Investigative

Former abortion worker describes filthy clinic and rampant drug use among staff

While most pro-lifers know that Norma McCorvey, the plaintiff in Roe Vs. Wade, is now pro-life, fewer know that she worked in two abortion clinics before her conversion. She tells her story in her book Won By Love.

McCorvey had a lot to say about what working in an abortion clinic was like.  The first clinic she worked at, A-Z, was horribly run and filthy. Here, she describes what she saw in that clinic: 

I started working at the A to Z clinic in January 1995, and it was a health disaster waiting to happen. If the owner had not closed it down, eventually even the government would have been forced to do it. Light fixtures hung out of the ceiling; falling plaster dusted everyone who walked by…We fought an ongoing, and losing, battle with the rat population…Every morning we found rat droppings all over the clinic. Sinks were backed up- in a reputed medical clinic no less- and blood splatters stained the walls. The “parts room” where we kept the aborted babies was particularly heinous. No one liked to be in there to do their business, much less to clean the place, and since no patients were allowed back there, it was pretty much left to ruin. If a baby didn’t make it into a bucket, that was too bad; it was left to lay there. Other babies were stacked like cordwood once every body part had been accounted for…the room smelled awful. We used Pine Sol because of its strong antiseptic smell, but within hours the cleaning mixture was overpowered by the smell of medical waste and rot-  which explains why the rats were so eager to visit us every night. The floor of the clinic invited contamination. It was covered by an old, gold and brown shag rug. At least I think it was gold and brown- no one really knew for sure, since the rug had not been cleaned in a long time.

This clinic was operating legally. Because there were no clinic regulations being enforced at the time (thanks to pro-choice activists) A-Z was allowed to perform abortions on unsuspecting women.  Pro-choicers consistently fight against requiring abortion clinics to be inspected and held to basic safety standards. The huge battle in Texas is an example of how pro-choice organizations fight hard to let abortion clinics operate like A-Z.

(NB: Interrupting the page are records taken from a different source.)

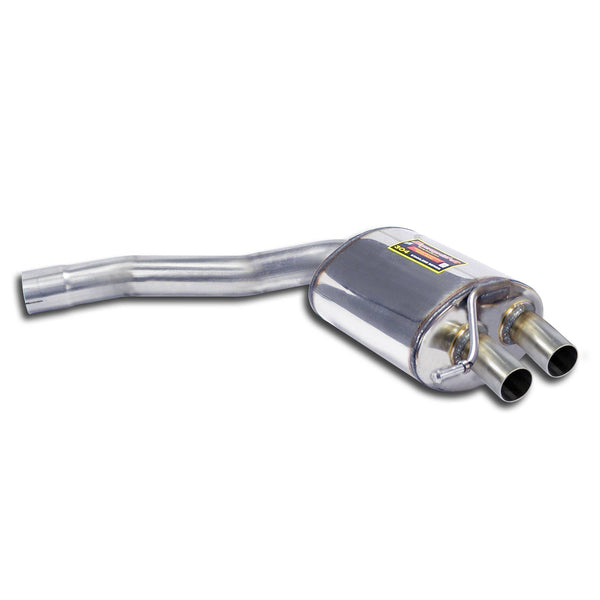 Porsche 95B.1 Series Rear exhaust right 248604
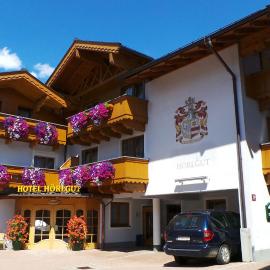 Hotel Hörlgut,位于玛丽亚阿尔姆的酒店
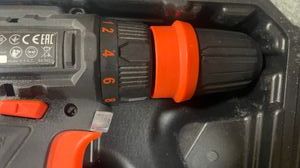 Б/в Шурупокрут Dnipro-M cd-12qx 01-200753132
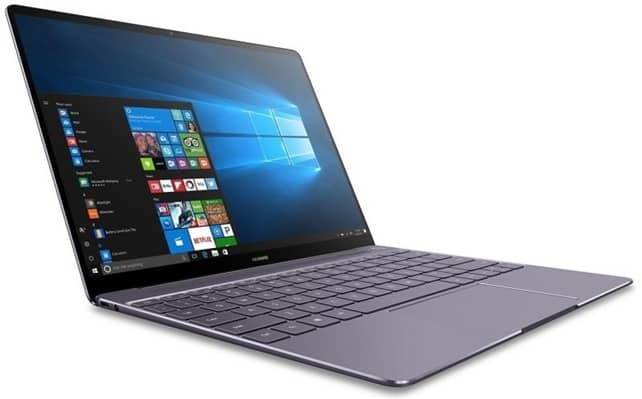 Huawei Matebook X: análisis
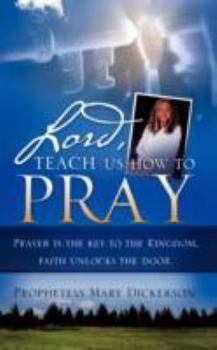 Paperback Lord, teach us how to pray Book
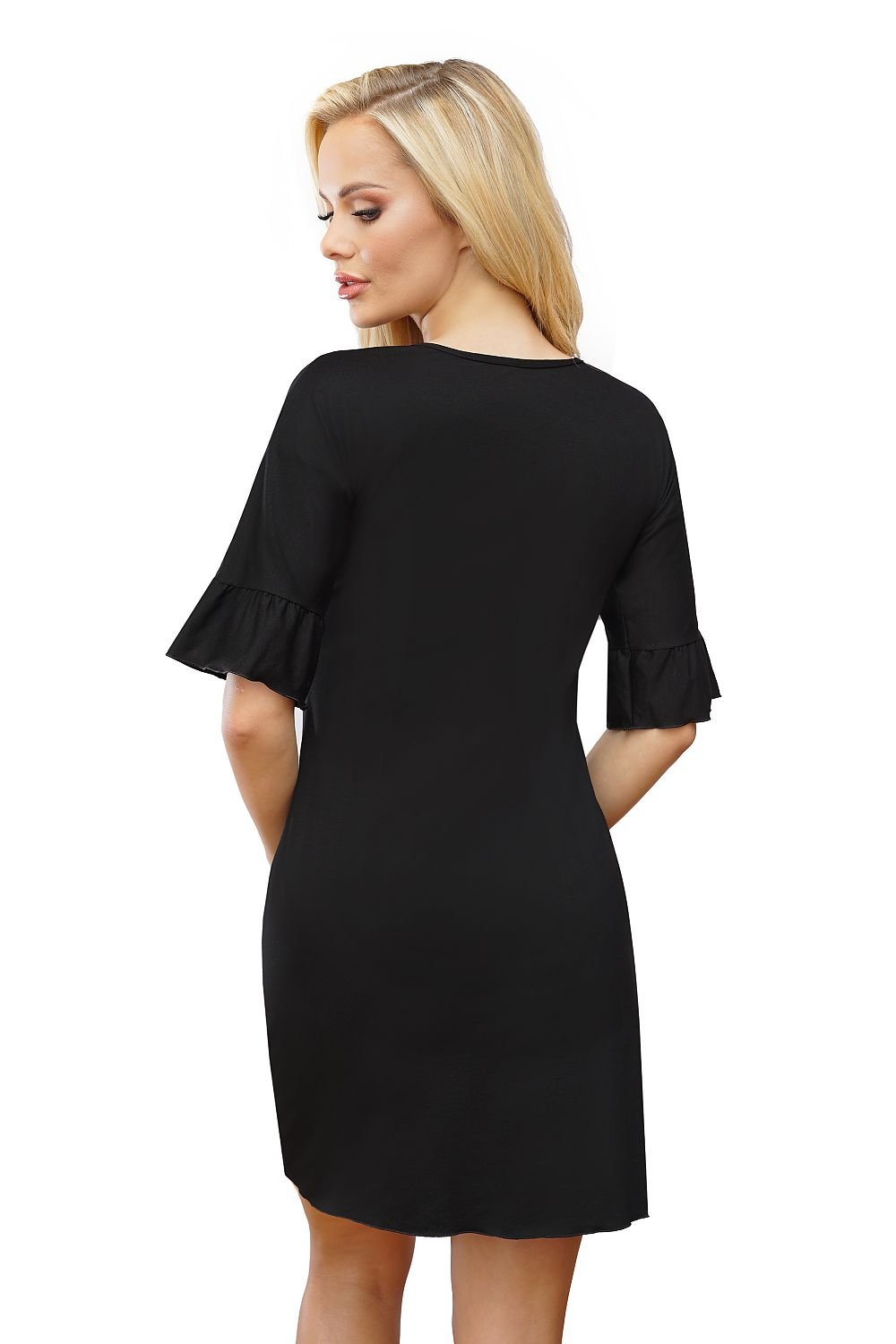 Nightdress T!SSI - product view 2 at Secretelles
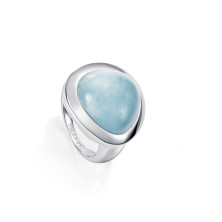 Viceroy anillo 3013a012-47 plata ley mujer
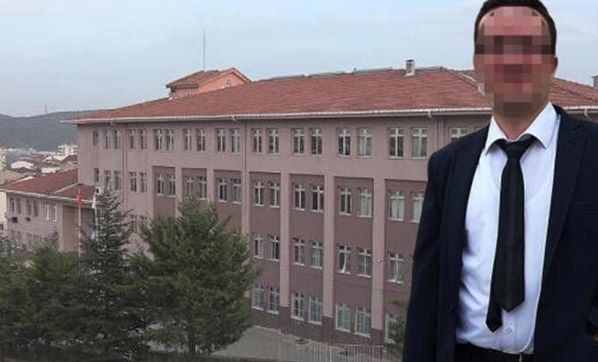 Öğretmen açığa alındı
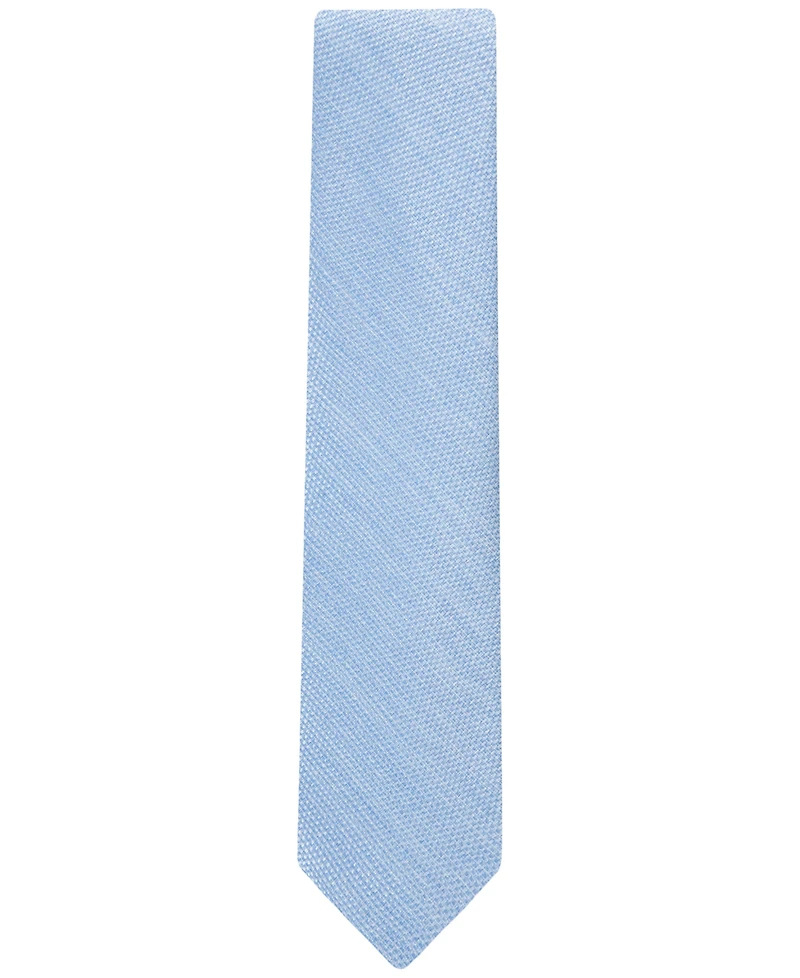 Tommy Hilfiger Men's Calexico Solid Textured Tie
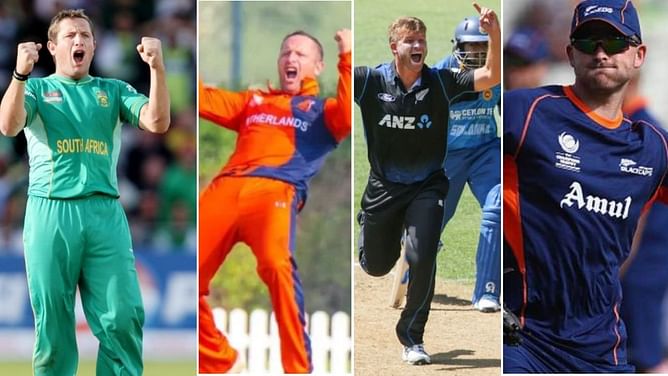 T20 World Cup में दो अलग देशों के लिए खेलने वाले टॉप 5 खिलाड़ी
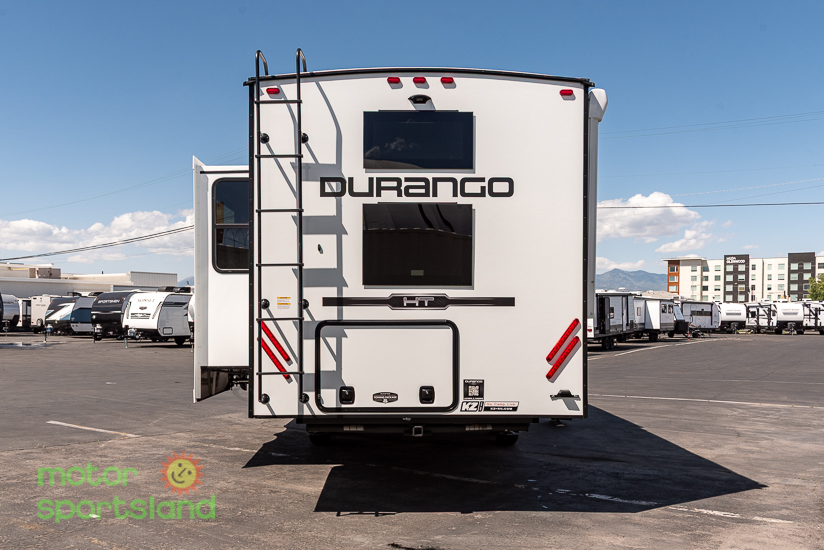 2026 KZ RV Durango Half-Ton D256RKT - Image 5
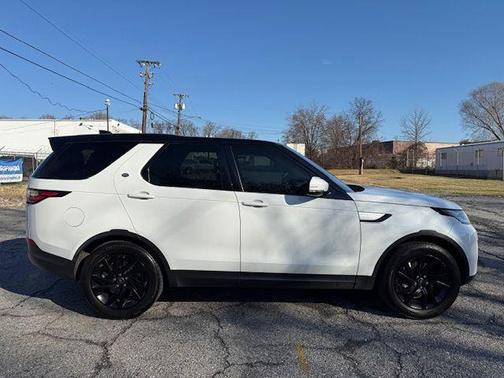 2019 Land Rover Discovery HSE
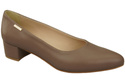 Women's low-heeled pumps timeless elegance and comfort 220 ElitaBut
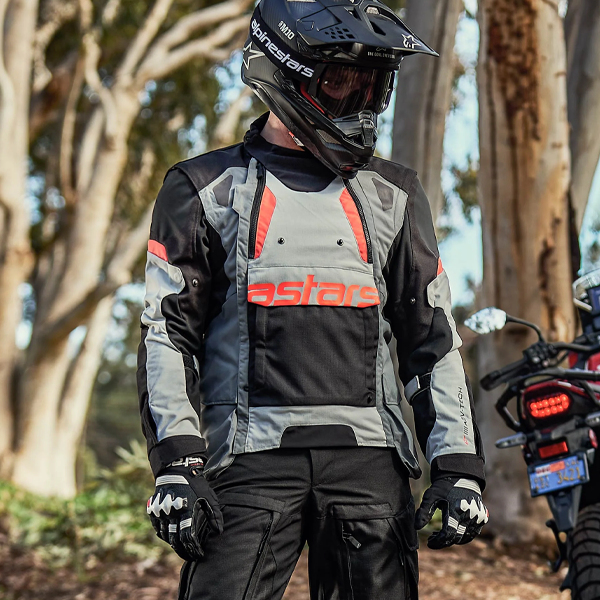 Ropa moto mujer chile best sale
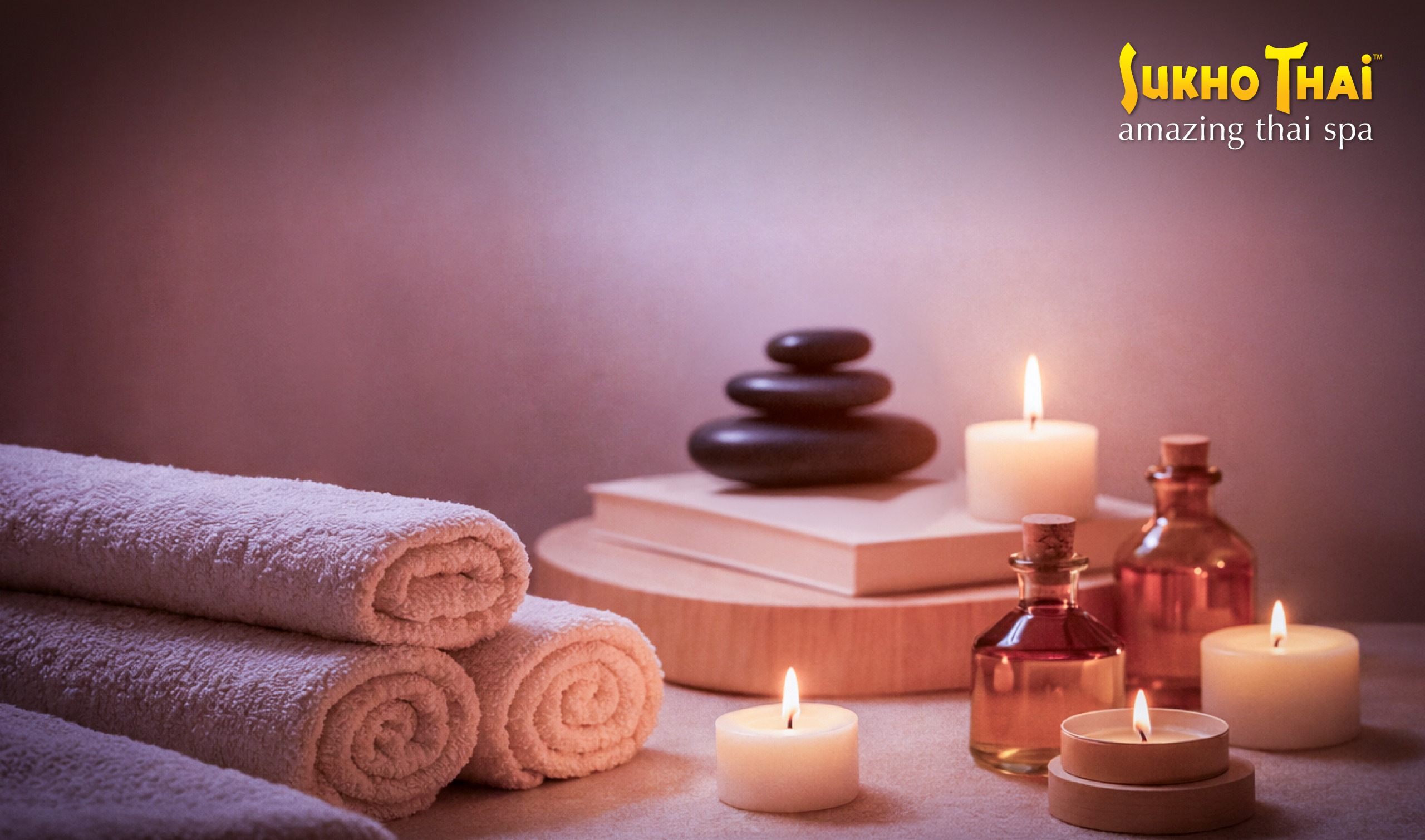 Thai Massage for Stress & Immunity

And the aborted babies, taken from their mothers and brutally killed, were allowed to be eaten by rats. It is stomach churning and horrible to imagine this.  Human life, in abortion clinics, is cheap.

How did the clinic workers cope with working in such a horrible place? Well, apparently, they took a lot of drugs. Norma McCorvey says: 

To cope with what everyone intuitively knew were inhumane conditions, cocaine became a favorite pastime. …  Drugs became a major tool to keep the peace. Drugs got us through the day, and when memories kept us awake, drugs helped us get to sleep. When we couldn’t bear the thought of going back for another day’s worth of work, drugs got us out of bed.

They gave illegal street drugs to patients to keep them compliant:

We even used drugs with patients. Many times a young woman might say, “I’m not so sure I want to do this.”

If the patient was holding things up, we knew just what to do. “Here, honey,” we’d say, offering some cocaine. “Have a little hit of this. You’ll be fine.”

Our offer was not always accepted, but when it was, it worked wonders.

It is horrifying to think that a woman could go to such a place and be given  medical care by people under the influence of drugs. This filthy clinic was allowed to operate only because of pro-choice groups. Without their consistent, concerted efforts to prevent clinic from being regulated, these atrocities never could have happened. A-Z was not the only clinic with such terrible health violations, or even the worst. But it calls to mind the conditions at Kermit Gosnell’s clinic, and is one more example of why clinic regulation is needed.

The quotes in this article also illustrate how abortion work can be traumatic for clinic workers as well as patients. McCorvey would later work at second clinic, where pro-lifers would reach out to her with kindness. Eventually, she would respond to their persistent activism and leave the clinic, which was later shut down as well.